Maha Prajnaparamita Sastra

by Gelongma Karma Migme Chödrön | 2001 | 940,961 words

This page describes “apalala (king of the nagas) and alala (protector of magadha)” as written by Nagarjuna in his Maha-prajnaparamita-sastra (lit. “the treatise on the great virtue of wisdom”) in the 2nd century. This book, written in five volumes, represents an encyclopedia on Buddhism as well as a commentary on the Pancavimsatisahasrika Prajnaparamita.

Appendix 8 - Apalāla (king of the nāgas) and Alāla (protector of Magadha)

Note: this appendix was extracted from a note at Chapter V part 5.

Evidently this (Apalāla) is the serpent Alāla, protector of Magadha. The story of his conversion is told in the P’ou sa pen hing king, T 155, k. 2, p. 116a–119a, and summarized in Hôbôgirin, Aharara, p. 10, in the following words: The pool of Yeou lien, near Rājagṛha, is the home of a dragon named Sundara which destroyed the crops in the Magadha. A brahmin subdued it by means his magic and the population rewarded him with gifts, but when the Buddha was about to establish Rajāgṛha, his beneficent activity sufficed to repress the activity of the dragon and the people stopped offering gifts to the brahmin. Irritated, he vowed to become a dragon along with his wife and two children; to be assured of the realization of this vow, he acquired the merit of offering a meal to the Buddha’s four great disciples. Then he took the place of the dragon Sundara and began to ravage the crops, of which he left only the straw, hence his name Palāla ‘Without straw’; his wife, changed into a dragon, received the name Pi cheou ni, and one of his sons, the name K’i chan ni. King Ajātaśatru asked the Buddha for help; aided by Vajrapāni, who split the mountain with his thunderbolt, the Buddha subjugated the dragon, his wife and children, and all the dragons and demonic creators of illnesses were saved in the neighboring kingdom of Vaiśālī.

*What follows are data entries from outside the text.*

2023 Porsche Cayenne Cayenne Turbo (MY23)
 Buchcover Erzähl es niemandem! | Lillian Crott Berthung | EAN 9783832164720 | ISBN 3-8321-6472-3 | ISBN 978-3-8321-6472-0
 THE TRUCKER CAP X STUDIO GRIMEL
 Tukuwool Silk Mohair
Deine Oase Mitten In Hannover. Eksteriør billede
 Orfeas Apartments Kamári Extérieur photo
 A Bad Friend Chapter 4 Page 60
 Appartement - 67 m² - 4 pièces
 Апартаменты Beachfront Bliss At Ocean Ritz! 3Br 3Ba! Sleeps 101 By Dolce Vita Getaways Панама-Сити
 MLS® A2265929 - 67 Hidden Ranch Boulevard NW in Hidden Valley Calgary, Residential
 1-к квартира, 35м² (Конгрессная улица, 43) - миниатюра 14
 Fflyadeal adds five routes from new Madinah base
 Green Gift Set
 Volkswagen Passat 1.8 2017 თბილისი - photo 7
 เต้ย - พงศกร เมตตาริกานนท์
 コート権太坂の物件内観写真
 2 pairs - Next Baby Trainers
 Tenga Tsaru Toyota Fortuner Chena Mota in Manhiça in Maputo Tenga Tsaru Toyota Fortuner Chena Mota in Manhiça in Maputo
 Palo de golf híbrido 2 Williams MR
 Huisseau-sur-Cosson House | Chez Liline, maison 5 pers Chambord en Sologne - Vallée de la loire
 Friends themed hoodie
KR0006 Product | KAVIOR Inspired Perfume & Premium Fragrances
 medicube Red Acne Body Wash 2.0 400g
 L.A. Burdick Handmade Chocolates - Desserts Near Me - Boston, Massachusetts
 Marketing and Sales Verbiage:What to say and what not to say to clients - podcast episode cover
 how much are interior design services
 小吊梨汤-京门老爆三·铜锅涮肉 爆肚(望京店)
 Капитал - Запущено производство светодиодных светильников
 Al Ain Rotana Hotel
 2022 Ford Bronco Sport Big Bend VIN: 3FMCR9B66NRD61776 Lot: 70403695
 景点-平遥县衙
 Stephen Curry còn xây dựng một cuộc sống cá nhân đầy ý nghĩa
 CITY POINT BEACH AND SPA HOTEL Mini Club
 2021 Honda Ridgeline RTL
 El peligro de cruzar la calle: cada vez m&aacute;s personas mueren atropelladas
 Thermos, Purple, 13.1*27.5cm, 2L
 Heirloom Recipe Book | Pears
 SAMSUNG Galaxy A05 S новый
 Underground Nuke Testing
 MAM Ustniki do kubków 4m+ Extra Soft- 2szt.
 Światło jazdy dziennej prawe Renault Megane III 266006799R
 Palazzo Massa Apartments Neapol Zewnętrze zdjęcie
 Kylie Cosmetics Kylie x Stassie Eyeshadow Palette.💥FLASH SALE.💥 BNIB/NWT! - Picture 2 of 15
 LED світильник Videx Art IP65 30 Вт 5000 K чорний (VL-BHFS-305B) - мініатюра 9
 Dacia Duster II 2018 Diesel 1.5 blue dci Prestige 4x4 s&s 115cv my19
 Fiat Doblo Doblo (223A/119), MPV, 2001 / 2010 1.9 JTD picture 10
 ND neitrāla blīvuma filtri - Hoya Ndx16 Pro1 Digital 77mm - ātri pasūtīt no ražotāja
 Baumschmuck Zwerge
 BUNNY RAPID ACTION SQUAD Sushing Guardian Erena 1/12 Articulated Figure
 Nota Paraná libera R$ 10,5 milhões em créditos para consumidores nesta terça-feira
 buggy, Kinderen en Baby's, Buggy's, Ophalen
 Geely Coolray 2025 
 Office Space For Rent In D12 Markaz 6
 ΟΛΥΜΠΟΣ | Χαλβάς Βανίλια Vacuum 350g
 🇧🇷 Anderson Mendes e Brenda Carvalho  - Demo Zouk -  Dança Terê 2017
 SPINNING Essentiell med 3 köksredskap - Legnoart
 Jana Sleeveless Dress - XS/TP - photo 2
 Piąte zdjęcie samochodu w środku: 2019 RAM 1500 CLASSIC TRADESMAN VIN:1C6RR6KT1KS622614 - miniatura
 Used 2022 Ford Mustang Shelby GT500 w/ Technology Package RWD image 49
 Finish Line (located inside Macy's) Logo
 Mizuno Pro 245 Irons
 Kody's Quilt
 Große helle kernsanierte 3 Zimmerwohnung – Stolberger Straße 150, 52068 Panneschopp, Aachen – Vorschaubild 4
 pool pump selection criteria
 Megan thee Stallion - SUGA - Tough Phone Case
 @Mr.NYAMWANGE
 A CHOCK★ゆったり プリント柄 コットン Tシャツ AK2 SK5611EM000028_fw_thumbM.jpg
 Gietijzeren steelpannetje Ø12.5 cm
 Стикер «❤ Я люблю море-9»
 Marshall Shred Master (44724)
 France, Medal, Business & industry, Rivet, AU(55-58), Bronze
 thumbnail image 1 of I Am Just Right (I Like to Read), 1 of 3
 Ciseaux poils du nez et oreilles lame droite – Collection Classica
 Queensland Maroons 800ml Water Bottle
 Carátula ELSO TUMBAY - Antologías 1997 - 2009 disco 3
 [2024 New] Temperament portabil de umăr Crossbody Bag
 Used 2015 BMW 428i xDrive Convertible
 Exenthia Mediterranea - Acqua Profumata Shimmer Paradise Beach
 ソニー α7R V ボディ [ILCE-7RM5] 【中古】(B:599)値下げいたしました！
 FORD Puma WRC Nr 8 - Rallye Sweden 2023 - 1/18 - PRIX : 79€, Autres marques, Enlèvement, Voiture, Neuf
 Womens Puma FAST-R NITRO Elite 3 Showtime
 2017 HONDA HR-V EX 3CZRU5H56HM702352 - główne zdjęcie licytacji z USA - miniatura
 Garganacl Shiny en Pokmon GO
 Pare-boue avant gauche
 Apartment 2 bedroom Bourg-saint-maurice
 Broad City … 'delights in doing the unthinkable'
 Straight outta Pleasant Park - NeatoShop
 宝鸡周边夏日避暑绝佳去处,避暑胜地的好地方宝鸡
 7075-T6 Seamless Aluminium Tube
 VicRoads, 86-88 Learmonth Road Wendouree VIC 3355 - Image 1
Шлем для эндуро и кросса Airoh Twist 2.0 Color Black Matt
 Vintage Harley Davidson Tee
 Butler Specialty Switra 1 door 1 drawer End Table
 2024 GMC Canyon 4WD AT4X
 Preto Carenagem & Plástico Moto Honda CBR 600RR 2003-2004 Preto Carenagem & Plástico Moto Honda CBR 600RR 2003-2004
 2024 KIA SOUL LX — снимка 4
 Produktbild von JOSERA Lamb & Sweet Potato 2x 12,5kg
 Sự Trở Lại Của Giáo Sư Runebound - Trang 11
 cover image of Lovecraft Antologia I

– A somewhat different story, but also located in Magadha, is told in a commentary on the Ekottarāgama, the Fen pie kong tö louen, T 1507, k. 5, p. 559): The brahmin Fan che, who had taken birth in the form of the dragon Apalāla and ravaged the crops in Magadha, was transported to the north-west of India: the Mppś, below at k. 9, p. 126b, tells us that the Buddha went to north-western India to the land of Yue tche and there subjugated the king of the dragons, Apalāla. A large number of texts tell this legend of the north-west of India: Ken pen chouo… yao che, T 1448, k. 9, p. 40b (tr. in Przysluski, ibid., p. 510): In northern India, the dragon Apalāla, vanquished by the Buddha aided by the yakṣa Vajrapāṇi, was converted along with his wife and children. [The Buddha predicted that one hundred years after his nirvāṇa, the disciple Madhyāntika would convert the poisonous dragon Huruta in Kaṣmir].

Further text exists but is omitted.